Image source: Getty Images

The TSX has been volatile since the Bank of Canada started aggressive interest rate hikes in April 2022. Growth phases followed a correction, sometimes 5% and sometimes more than 10%. Tech, airline, and bank stocks have been moving with the market momentum. Many took advantage of this momentum and bought some stocks at the dip and sold them when they rallied. 

Did you also try to make short-term gains from this momentum but got on the opposite side and bought in the rally? Instead of investing in momentum stocks, you can secure returns by investing in all-weather stocks throughout the market downturn. 

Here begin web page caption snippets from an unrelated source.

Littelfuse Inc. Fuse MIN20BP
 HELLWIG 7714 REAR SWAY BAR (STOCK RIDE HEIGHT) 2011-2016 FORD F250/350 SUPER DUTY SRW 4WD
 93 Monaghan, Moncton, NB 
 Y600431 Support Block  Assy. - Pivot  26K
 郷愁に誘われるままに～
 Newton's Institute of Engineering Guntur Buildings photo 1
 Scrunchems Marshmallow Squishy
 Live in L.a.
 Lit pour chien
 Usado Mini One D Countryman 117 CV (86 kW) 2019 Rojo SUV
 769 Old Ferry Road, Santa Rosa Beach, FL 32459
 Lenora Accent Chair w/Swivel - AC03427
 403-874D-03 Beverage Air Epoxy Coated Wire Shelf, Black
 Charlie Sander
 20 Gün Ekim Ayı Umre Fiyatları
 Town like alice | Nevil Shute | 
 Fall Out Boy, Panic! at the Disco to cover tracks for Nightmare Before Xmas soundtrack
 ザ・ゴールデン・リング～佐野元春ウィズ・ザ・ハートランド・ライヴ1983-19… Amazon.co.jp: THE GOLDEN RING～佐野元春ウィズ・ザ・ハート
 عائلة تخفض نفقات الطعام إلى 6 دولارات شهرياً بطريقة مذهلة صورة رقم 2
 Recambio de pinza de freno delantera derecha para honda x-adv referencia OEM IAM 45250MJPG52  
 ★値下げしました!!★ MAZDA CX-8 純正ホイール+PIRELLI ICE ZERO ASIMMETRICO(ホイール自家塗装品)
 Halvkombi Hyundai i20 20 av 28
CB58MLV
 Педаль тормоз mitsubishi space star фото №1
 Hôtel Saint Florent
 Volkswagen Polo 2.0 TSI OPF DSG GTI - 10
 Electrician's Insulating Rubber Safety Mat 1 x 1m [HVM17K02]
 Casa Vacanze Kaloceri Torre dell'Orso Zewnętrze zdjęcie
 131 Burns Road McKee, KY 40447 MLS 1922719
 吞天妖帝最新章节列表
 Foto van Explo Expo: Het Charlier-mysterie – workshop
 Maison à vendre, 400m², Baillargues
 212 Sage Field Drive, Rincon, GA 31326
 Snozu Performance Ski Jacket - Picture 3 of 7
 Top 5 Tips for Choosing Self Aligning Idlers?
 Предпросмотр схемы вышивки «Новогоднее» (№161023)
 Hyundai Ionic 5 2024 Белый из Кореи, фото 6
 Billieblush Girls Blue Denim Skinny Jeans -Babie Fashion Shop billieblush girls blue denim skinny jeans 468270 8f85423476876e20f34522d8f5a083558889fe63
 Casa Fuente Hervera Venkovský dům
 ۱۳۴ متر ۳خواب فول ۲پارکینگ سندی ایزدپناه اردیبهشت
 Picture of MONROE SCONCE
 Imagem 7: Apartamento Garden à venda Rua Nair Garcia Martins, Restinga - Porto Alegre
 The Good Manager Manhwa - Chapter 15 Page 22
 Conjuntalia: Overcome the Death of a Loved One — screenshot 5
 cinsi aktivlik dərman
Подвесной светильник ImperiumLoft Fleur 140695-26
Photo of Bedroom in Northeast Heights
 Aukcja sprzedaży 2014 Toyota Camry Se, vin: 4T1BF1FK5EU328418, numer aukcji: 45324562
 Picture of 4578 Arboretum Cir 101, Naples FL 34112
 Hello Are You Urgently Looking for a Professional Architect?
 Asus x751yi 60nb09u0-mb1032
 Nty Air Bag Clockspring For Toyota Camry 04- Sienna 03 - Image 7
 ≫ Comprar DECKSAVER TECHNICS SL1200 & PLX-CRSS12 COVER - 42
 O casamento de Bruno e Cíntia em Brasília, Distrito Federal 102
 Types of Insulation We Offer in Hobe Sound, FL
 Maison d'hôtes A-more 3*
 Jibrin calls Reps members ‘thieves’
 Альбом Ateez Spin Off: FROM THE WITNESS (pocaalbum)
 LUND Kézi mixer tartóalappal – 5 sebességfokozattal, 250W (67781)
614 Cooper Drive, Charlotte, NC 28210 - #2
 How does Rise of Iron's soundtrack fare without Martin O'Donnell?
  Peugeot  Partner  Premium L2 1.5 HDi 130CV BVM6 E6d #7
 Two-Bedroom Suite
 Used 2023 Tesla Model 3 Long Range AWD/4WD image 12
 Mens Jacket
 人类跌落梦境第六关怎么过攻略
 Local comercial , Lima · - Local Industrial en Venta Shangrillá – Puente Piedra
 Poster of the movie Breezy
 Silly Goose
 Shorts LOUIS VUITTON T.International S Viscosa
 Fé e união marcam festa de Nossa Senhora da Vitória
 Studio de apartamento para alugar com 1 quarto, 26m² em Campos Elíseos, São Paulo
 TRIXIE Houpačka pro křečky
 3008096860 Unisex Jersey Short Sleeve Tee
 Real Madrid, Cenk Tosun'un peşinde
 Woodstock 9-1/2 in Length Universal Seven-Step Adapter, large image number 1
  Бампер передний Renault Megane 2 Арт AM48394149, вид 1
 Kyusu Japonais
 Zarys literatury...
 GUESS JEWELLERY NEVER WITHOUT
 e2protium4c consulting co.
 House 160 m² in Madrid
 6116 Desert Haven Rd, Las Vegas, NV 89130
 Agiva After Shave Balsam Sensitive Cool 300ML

What are all-weather stocks? 

All-weather stocks are the ones that have withstood several economic crises and business cycles. Think of it like a pair of sneakers that are good for summer, rain, and snow. The sneakers prevent you from slipping in the snow. At the same time, you are not worried about them getting spoiled in the rain. Just as sneakers can be your any-day choice, all-weather stocks can be your any-day pick. You need not worry about buying them at the dip or the rally. 

You can invest a small amount every month in these stocks and take advantage of dollar-cost averaging. Regular investing removes the stress of timing the market and buying the dip. You invest through all market cycles, reducing your average buying cost and enhancing your long-term return. 

Two TSX all-weather stocks to buy in a downturn

The best way to identify all-weather stocks is by looking at their business model and how they earn income. A low-risk model provides a cushion to the business during a downturn and boosts income during an upturn. Here are two such all-weather stocks you can buy throughout the downturn. 

CT REIT 

While other real estate investment trusts (REITs) are suffering from high debt, CT REIT (TSX:CRT.UN) has lower debt ($2.77 billion) than equity ($2.99 billion). Also, its debt has a weighted average maturity of six years, which is longer than the industry average of five years. It has consistently reduced its distribution-payout ratio from 88% in 2014 to 72.5% in the first half of 2023 while increasing distribution at an average rate of 3%. It managed to do so by gradually acquiring stores from Canadian Tire and third-party owners. 

Enbridge uses the balance funds left after paying distribution to develop and intensify stores and earn higher rent. As Canadian Tire leases over 90% of CT REIT’s properties, the latter need not worry about occupancy. The major risk of this model is too much concentration on one tenant. Otherwise, the REIT is an all-weather stock you can buy whenever you have money. 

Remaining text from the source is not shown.